It can be hard to encourage someone, even a natural storyteller to share their stories especially when they think they won’t remember or if some of the stories might be a bit painful. Getting a storyteller started can often be the challenging part of the memory collecting process. However, once the story flood gates open there is always energy and enthusiasm as the memory river begins to flow.
When our client started interviewing her 96-year-old grandfather, he was like many of us, grumbling about the weather or how he was feeling. Once she started asking him probing and strategic questions however, he became fully engaged. He felt very honoured to have someone giving him their undivided attention and more importantly their genuine interest in his life story. She often found that it was she who needed to take a break as he was so energized. You can see the full page from his relocation story here.
It seems that procrastinating is very easy to do when it comes to something as non-urgent as collecting our memories. As mentioned in my last newsletter, I am going to start collecting my own stories, every month on the 17th (in recognition of my birthdate). I am taking an hour to put my voice record app on and start talking. Well you would think that this is something I could easily start doing. However, as a few hours passed my scheduled start time because of little delays, I realized that I was procrastinating.

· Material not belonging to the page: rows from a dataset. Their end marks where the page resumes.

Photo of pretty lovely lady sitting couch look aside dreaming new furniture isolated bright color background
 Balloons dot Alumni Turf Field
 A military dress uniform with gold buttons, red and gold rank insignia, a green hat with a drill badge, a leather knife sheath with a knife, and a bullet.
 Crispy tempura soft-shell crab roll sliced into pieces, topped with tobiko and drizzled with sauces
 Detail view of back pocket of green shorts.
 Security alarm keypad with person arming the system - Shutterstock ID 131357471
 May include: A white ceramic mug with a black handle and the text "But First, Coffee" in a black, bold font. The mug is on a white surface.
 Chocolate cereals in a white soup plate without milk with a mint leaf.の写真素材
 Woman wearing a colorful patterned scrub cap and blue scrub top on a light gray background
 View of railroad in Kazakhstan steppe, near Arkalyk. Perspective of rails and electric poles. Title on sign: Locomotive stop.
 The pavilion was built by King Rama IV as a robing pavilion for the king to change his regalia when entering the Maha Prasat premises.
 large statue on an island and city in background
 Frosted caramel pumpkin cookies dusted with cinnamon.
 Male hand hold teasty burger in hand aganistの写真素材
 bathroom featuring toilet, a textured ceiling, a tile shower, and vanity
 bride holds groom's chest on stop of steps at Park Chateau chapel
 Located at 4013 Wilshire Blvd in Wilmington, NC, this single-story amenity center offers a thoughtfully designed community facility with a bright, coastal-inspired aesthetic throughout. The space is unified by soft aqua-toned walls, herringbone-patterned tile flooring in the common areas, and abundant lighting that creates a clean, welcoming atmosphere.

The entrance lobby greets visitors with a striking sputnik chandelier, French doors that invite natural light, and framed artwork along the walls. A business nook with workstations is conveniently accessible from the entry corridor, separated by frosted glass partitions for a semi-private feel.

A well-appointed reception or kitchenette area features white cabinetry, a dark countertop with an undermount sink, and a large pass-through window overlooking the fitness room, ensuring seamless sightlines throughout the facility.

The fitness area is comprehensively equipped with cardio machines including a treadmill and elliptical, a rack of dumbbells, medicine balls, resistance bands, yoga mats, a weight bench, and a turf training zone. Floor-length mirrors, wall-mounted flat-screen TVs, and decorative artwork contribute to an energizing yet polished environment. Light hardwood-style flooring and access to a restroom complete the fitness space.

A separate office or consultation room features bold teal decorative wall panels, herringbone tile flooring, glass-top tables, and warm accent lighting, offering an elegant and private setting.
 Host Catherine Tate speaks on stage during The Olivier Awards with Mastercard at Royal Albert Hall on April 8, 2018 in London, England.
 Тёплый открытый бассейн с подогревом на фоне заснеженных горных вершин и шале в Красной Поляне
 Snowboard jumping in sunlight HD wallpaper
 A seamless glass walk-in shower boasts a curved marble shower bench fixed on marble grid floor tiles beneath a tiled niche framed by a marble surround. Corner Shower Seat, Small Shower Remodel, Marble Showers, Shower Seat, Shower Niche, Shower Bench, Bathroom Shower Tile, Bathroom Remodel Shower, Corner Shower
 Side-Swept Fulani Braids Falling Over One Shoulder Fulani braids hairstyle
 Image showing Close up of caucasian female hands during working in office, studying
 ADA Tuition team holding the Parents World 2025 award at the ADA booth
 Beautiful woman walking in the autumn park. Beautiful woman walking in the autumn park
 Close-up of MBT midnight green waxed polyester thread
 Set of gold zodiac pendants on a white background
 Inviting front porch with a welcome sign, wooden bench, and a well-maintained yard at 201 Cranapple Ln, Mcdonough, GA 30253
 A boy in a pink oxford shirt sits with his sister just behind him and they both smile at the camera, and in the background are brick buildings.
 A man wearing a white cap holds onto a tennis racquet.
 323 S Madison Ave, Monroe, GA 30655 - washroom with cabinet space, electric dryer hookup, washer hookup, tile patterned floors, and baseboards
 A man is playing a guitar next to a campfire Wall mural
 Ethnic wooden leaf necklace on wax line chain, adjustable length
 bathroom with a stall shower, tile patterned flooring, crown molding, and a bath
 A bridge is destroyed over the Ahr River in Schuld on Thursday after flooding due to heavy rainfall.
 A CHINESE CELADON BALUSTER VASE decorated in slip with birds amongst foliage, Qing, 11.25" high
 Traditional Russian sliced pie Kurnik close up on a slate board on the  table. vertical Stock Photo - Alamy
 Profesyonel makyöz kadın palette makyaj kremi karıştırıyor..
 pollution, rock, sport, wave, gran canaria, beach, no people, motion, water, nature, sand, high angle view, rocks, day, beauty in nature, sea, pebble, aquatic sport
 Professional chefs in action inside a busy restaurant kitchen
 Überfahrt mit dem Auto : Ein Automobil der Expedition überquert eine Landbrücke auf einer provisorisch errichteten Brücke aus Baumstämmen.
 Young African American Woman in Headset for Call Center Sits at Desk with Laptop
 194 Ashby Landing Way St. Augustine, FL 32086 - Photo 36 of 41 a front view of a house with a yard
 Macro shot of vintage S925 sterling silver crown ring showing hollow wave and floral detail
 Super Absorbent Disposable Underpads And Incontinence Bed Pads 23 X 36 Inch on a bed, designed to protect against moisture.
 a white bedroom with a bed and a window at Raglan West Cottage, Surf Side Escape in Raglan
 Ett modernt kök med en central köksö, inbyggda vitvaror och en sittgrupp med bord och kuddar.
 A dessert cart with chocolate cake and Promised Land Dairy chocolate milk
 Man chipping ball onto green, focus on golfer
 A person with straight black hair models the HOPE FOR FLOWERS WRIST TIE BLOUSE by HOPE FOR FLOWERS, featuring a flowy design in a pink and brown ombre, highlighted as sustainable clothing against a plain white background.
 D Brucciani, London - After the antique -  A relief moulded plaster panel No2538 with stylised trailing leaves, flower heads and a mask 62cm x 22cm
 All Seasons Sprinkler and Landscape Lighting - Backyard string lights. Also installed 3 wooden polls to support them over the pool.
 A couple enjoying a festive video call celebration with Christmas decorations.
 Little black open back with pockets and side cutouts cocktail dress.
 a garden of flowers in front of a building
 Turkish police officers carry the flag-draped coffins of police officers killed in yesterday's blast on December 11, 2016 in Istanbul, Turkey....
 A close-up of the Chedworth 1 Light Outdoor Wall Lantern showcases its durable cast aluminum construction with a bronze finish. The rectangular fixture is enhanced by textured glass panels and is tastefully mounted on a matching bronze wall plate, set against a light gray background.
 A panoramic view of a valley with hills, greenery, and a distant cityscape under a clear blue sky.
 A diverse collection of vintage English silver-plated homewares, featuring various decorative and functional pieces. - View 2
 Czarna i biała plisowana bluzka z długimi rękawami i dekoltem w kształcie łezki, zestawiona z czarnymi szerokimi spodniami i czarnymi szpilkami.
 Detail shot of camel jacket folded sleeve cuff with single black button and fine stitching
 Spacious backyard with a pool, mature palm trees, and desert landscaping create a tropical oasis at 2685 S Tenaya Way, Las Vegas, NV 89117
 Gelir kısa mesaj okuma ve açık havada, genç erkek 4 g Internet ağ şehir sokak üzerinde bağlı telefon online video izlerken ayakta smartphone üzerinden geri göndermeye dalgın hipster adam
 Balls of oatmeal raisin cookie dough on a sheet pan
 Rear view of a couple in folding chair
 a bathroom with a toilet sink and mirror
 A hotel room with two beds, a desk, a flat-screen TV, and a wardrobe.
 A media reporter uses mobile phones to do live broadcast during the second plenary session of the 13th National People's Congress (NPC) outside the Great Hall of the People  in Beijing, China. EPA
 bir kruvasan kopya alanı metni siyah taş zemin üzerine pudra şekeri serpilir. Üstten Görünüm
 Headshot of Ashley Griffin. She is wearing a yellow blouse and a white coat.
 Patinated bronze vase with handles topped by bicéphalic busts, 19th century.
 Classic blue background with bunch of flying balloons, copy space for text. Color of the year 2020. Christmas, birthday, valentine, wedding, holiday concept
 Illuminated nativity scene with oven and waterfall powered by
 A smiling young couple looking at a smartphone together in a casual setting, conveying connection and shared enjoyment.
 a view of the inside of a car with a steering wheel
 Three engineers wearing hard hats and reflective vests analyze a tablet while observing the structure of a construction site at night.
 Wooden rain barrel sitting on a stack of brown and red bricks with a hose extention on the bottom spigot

I was shocked. I mean really, I should be “good” at this right? Nope. I was delaying, but once I finally sat down, with a cup of tea, fire well stocked and warm socks on, I pressed start and the hour flew by. I know for sure the next time will be easier to get started. Have you started recording your story? Trust me, once you get going it’s quite fun. If you need help getting the memory river flowing, check out our magic questions for some inspiration.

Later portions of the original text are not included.